REVIEWED: THE GIRL WHO PLAYED WITH FIRE
August 30, 2010 Leave a comment
Among the few critics not to fall in love with The Girl with the Dragon Tattoo‘s unnecessarily distended runtime and sub-CSI storyline, I was nevertheless compelled by the performances of both Noomi Rapace as the titular femme and Michael Nyqvist as her journalist confidante. Although still compromised by many of the original film’s problems, this sequel is more level-headed and willing to admit that, in fact, Shakespeare it ain’t, and both Rapace and Nyqvist are still fabulous in their roles, even if their chemistry together is not exploited for the sake of accuracy to the source novel.
Reconvening roughly one year after the first film’s events, Lisbeth Salander (Rapace) is returning to Sweden and trying to maintain some semblance of a normal life. However, she has a few loose ends to tie off first, namely her continued blackmail of her guardian Bjurman, who wants revenge for her literally branding him as a sex pest. Millenium magazine journalist Mikael Blomkvist (Nyqvist) has since been exonerated and sees Lisbeth only very rarely, instead working on a story about sex trafficking with avid pHD student Dag Stevensson (Hans Christian Thulin). However, when Dag and his girlfriend wind up dead prior to publishing a list of known sex trade customers, Lisbeth’s prints are found on the gun, and suspecting a frame-up, Mikael must attempt to clear her name before it is too late.
As with the first film, the routine TV-type mystery plot thankfully takes a frequent back seat to the characters. This sequel explores more of Lisbeth’s compassionate side, as she visits her stroke-afflicted former guardian, and also keeps her visceral sexual energy in the picture, depicting a passionate lesbian encounter with an old acquaintance.
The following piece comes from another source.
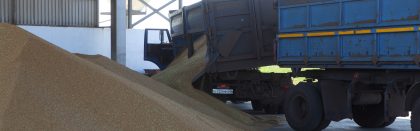 Volga Baikal AGRO NEWS Update on the Wheat Exports from Russia !!!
These moments prime the later intensity of Salander’s character, yet you’ll still have to sit through some incredibly lazy plotting before the results emerge. One particular instance – as Blomkvist tries to ensnare a sex trafficker by sending him spam that claims he won a prize – relies on an incredible amount of convenience, and isn’t an especially smart, inventive or even very realistic way to entrap someone.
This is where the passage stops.